以前、ある番組で、「前代未聞」ということばについて、〈今回の選挙では前代未聞の大成功をおさめた〉という使い方は間違いだと解説していました。なぜなら、〈「前代未聞の不祥事」というように、悪いことが起きたときに使うのがふつう〉だからというのです。これはおかしな説です。

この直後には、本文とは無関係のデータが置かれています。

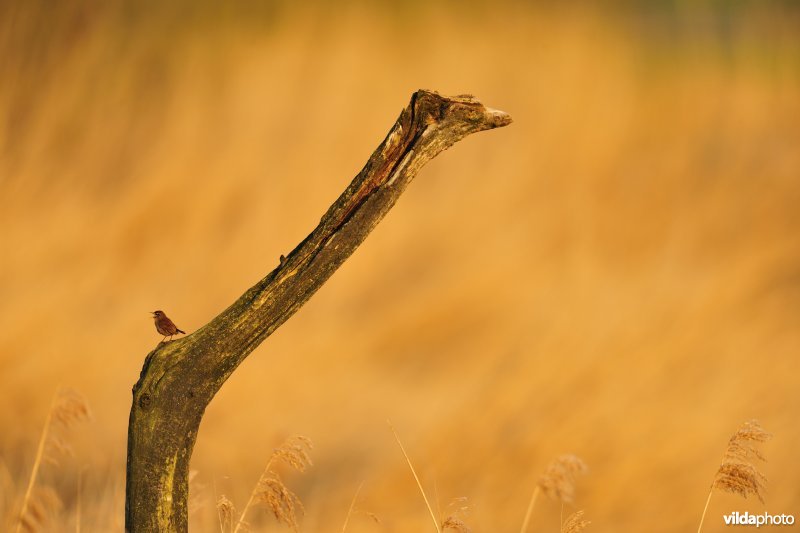 Zingende Winterkoning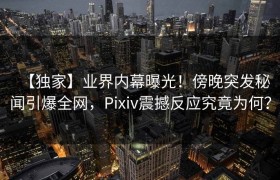 【独家】业界内幕曝光！傍晚突发秘闻引爆全网，Pixiv震撼反应究竟为何？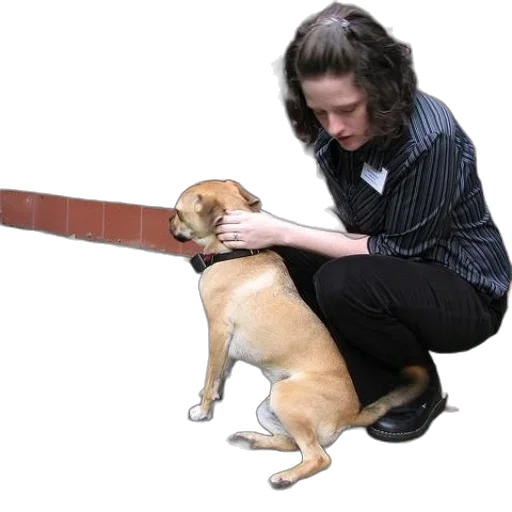 staff, animal, creature, weapon transparent PNG cut-out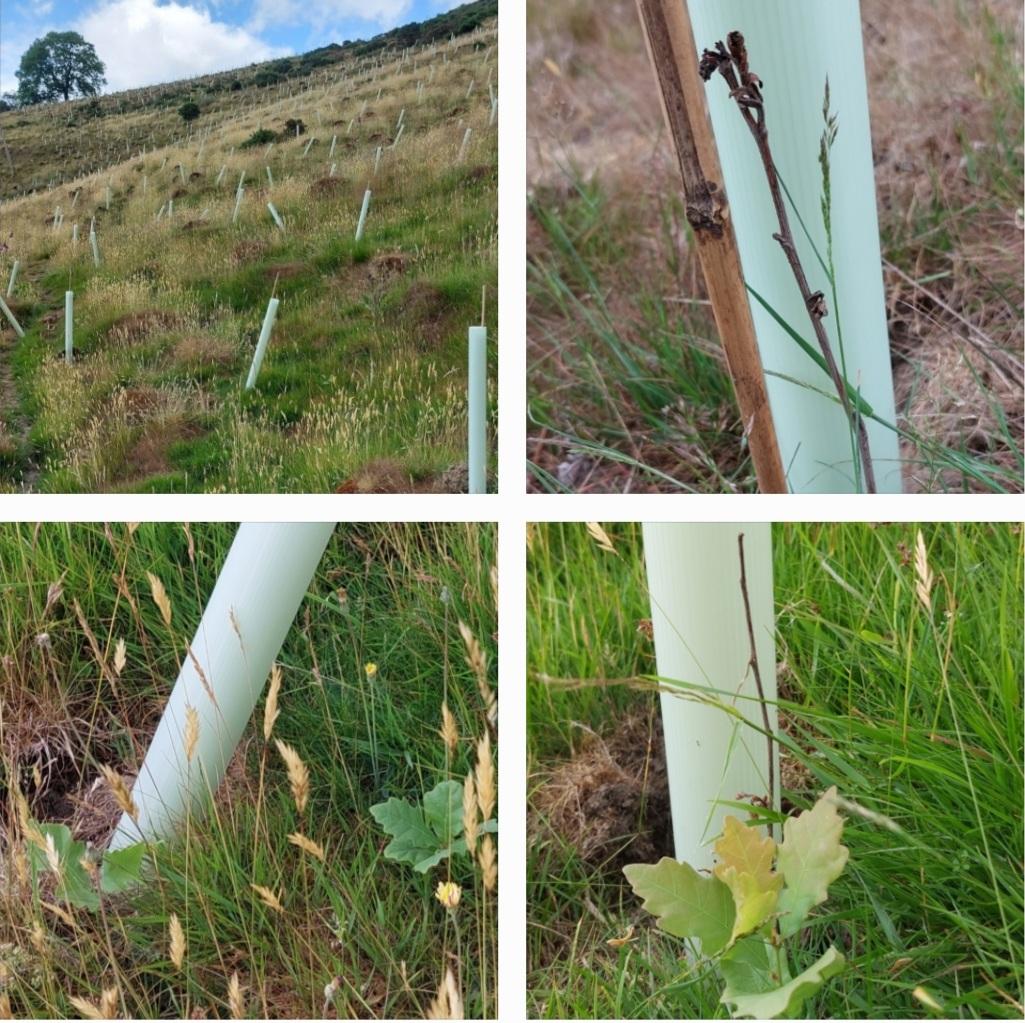 This is why woodland creation schemes must include #naturalregeneration ⬇️. 1000s of planted trees - all dead! While the self-seeded oaks growing between them were thriving!  Nat regen = the right tree in the right place & no plastic tubes/pollution!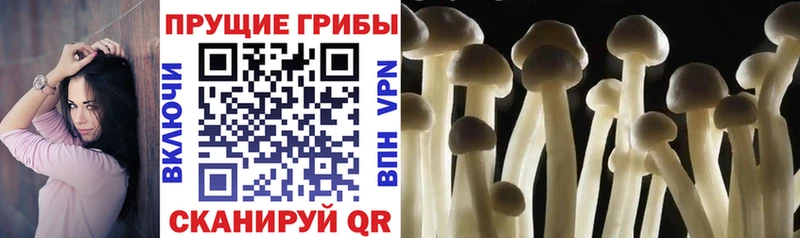 Купить где  Меленки  Псилоцибиновые грибы GOLDEN TEACHER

「日本語の誤り」をあげつらった本でも、「前代未聞の快挙」を不適切とするものがあります。「前代未聞」は〈これまでに聞いたことがないようなあきれたこと〉だとしています。これはもしかすると、『新明解国語辞典』の〈今まで聞いたことが無いような△変わった(あきれた)こと。〉という説明を不完全に理解した結果かもしれません。『新明国』では、「変わったこと、または、あきれたこと」と並記しているにすぎないのですが。
大きな辞書をちょっとでも調べれば、「前代未聞」がいいことに使われた例が明治以前からあることは明白です。また、『新明解四字熟語辞典』にも、谷崎潤一郎「少将滋幹の母」(1949-1950)の例が引いてあります。原文に当たってみると、次のように出ています。
〈時平が此(こ)の大納言の所へ年頭の礼を述べに来るなどと云うことは、嘗(かつ)て前例がないばかりでなく、前代未聞の事件と云っても差支えない。〉(『谷崎潤一郎全集 第十六巻』中央公論社 1982 p.186。字体・仮名遣い改める)
引用部分の前には、大納言が、左大臣時平の異例の訪問について驚喜したと書いてあります。大納言にとってめでたいことを、「前代未聞」と表現しています。
現代の例はどうかというと、なるほど、「前代未聞の犯罪」などの例もありますが、一方で、「無名の新人の抜擢(ばってき)」「超大作の映画」「首相のワイドショー出演」などについて「前代未聞」を使う例もあります。いいことか、悪いことかは関係ありません。
『三省堂国語辞典 第六版』は、は、この点をはっきりさせるべきだと考えました。「前代未聞」の用例として、「前代未聞の大事故」「前代未聞の快挙」の2つをあえて入れ、不祥事にも、また、快事にも使えることを示してあります。